Blazing in front of me is the four foot flame that I just nurtured into life. Sorry tree. You had to go somehow... the stars are out for the second night. They are little "holes to heaven" if you talk to Jack Johnson, or if you are speaking to Brooke Frasure then they are there "just to show us, we belong.". As for me, they are memories hidden, and futures prepared.

In fact, these sprinkles across the sky are so majestic, so vast, that they seem to set all things back to zero. My future, my past, my friends, my wife, my dreams, my experiences, they all are captured in that moment.

These holes to heaven really do remind me that I belong.

The camp fire blazes and all is settled. All is peace. All is free.

We belong.

Sunday, June 7, 2009

Hallelujah


Hallelujah

One word, I want it to define my life.

Hallelujah

The word that sums up creation.

In fact, this word is the purpose of life; not 42, not live long and prosper, not change the world, just hallelujah.

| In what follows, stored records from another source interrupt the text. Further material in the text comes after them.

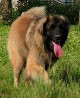 Leonberger, Antonin-Floréal des Neiges de Chantelouve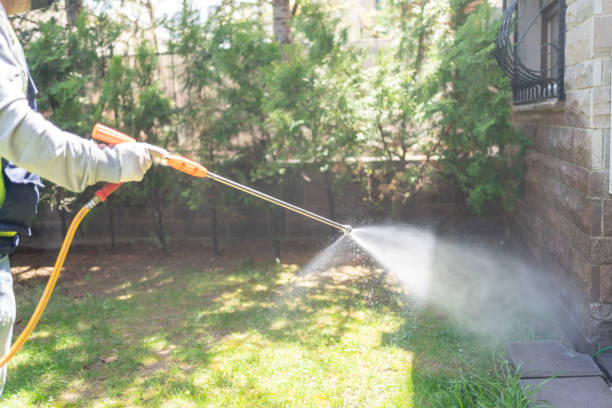 Best Wasp Removal Services  in Sharon Center, OH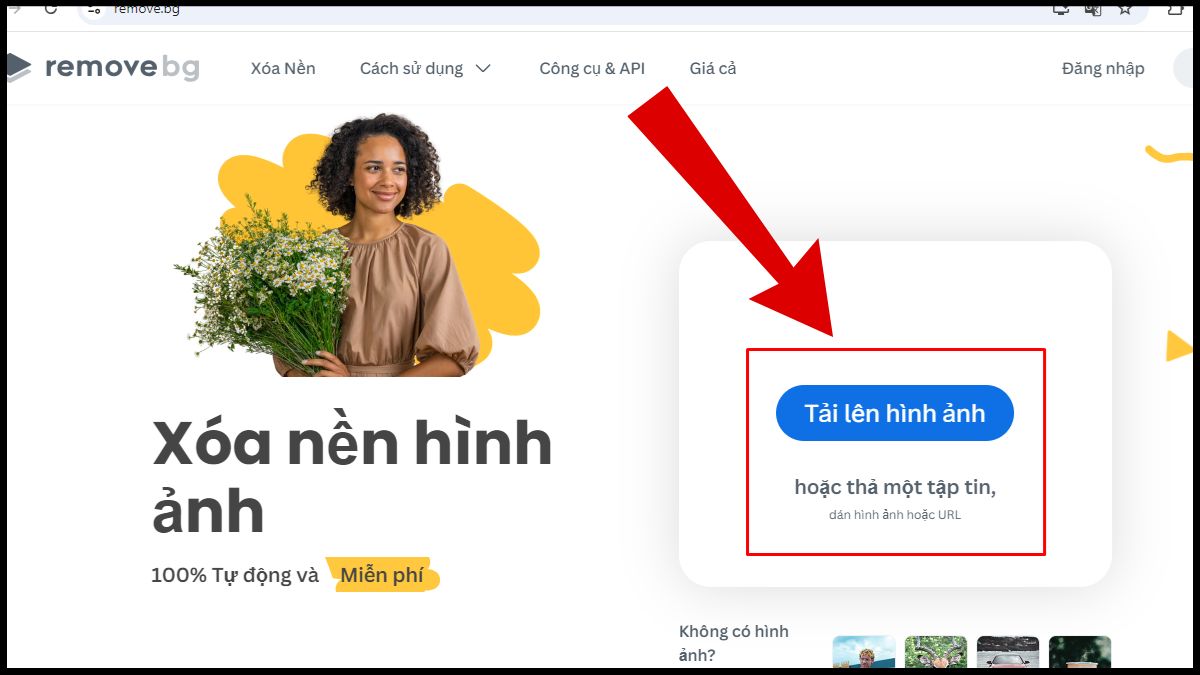 Cách sử dụng Remove BG xóa phông online đơn giản nhất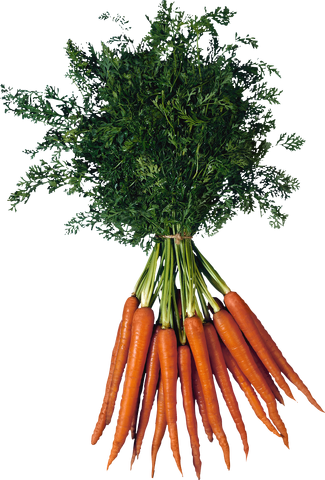 Файл:Carrot.png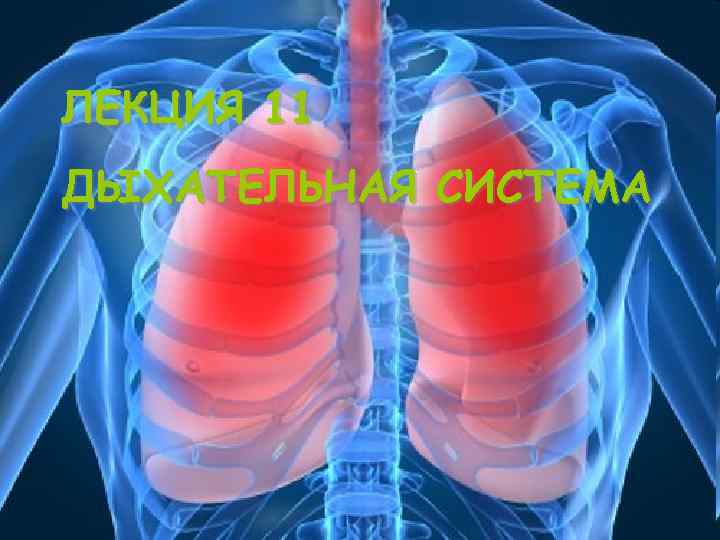 ЛЕКЦИЯ 11 ДЫХАТЕЛЬНАЯ СИСТЕМА 
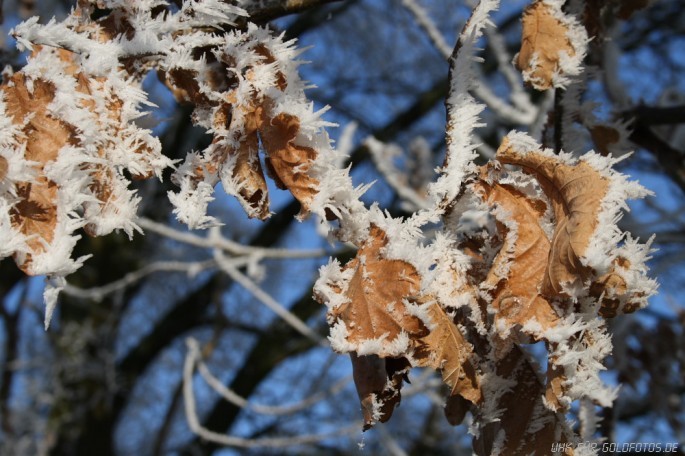 Winter-19
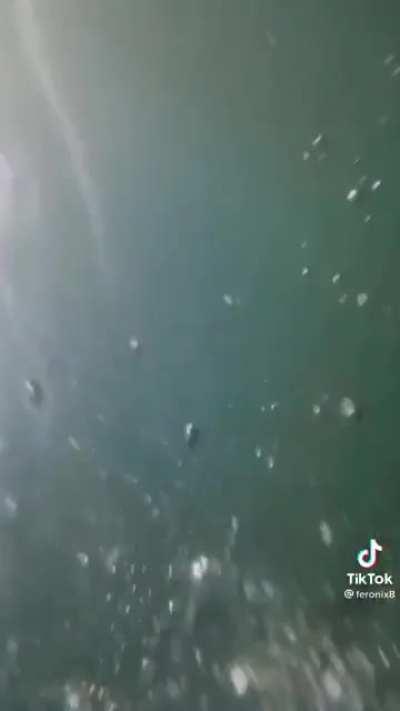 Masaya tlga sa batangas XD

Praise the Lord. Hallelujah.

That's what it means. It means that the king of kings is being lifted up. Hallelujah is what angels and elders are singing in heaven. It is what the mountains are crying out.

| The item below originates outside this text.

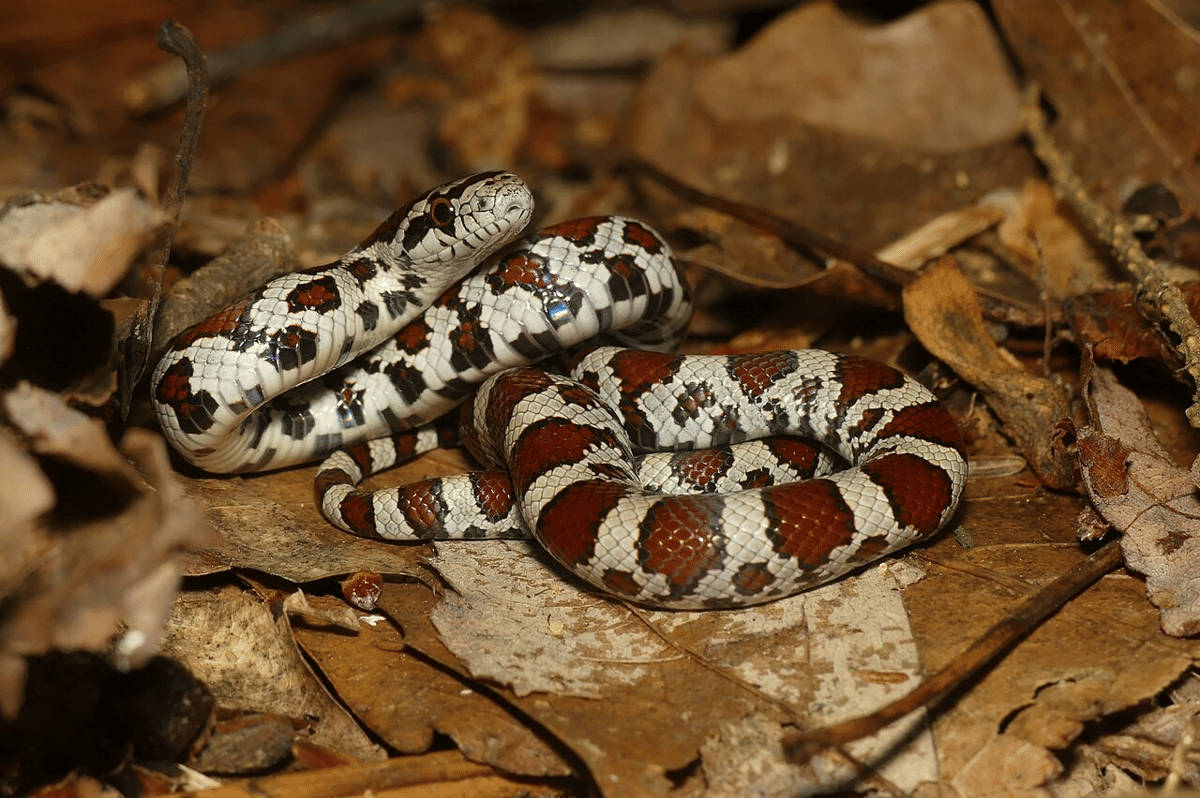 ular susu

All creation is meant for the Lord's praise.

It is my highest calling, it is my highest form of destiny.

I will praise the Lord.

I will put hallelujah on my lips.

You might consider putting it on yours.

Friday, June 5, 2009

Journey.


Day one: Drive
Two: Introduction
Three: Wet work

Those were the "bullet point summaries" for those of you who have ADD and will glance at the blog and then leave...

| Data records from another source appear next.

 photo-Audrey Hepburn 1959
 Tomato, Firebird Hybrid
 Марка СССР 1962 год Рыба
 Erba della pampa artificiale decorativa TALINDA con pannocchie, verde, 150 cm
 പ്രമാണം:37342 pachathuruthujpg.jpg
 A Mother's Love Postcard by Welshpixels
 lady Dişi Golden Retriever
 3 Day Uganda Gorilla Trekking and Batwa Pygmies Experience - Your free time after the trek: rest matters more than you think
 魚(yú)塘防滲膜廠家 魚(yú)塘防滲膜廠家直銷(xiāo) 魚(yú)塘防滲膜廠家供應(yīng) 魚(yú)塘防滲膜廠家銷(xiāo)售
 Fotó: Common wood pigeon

The drive was epic in one sense only: The gas light.
It definitely came on a few miles before I was to Hume, but here was the problem: I drove past the last turn and wound into a canyon about 25 miles too far! Ended up being more than an hour out of my way...

How did I make it you ask?

Prayed.

Yep.

I wound all the way DOWNHILL... which meant with gas waning... when I turned around... gas-draining travel.

So I put a piece of paper over my gauge and began to tell the Lord that I couldn't make it without him, and that I would rather not have to camp out here in the middle of nowhere that night... with no cell service...

He put what I needed in my tank and I made it back... crazy!

God is awesome.

In other news, but with short time on-hand: Hume is amazing... so absolutely gorgeous, and I am making tons of friends. Great community, great work, great food, great experience...

The only downside is that I miss you guys...

to be cont.

Kendall

Sunday, May 31, 2009

Write me at Hume

I want letters from you.

Kendall Bachman, Staff
Hume Lake Christian Camps
64144 Hume Lake Road
Hume, CA 93628-9999

I'll be there In two days... June 3-Aug 22

No cell service... hop on twitter and I can "text" you from my laptop to your phone.

Tuesday, May 26, 2009

Granite Lake, Trinity Alps, CA


This will be one of those rare "what I've been up to" writings...

I just MUST get out the testimony of my last weekend.

It was worship... pure, unadulterated, unreligousified, worship.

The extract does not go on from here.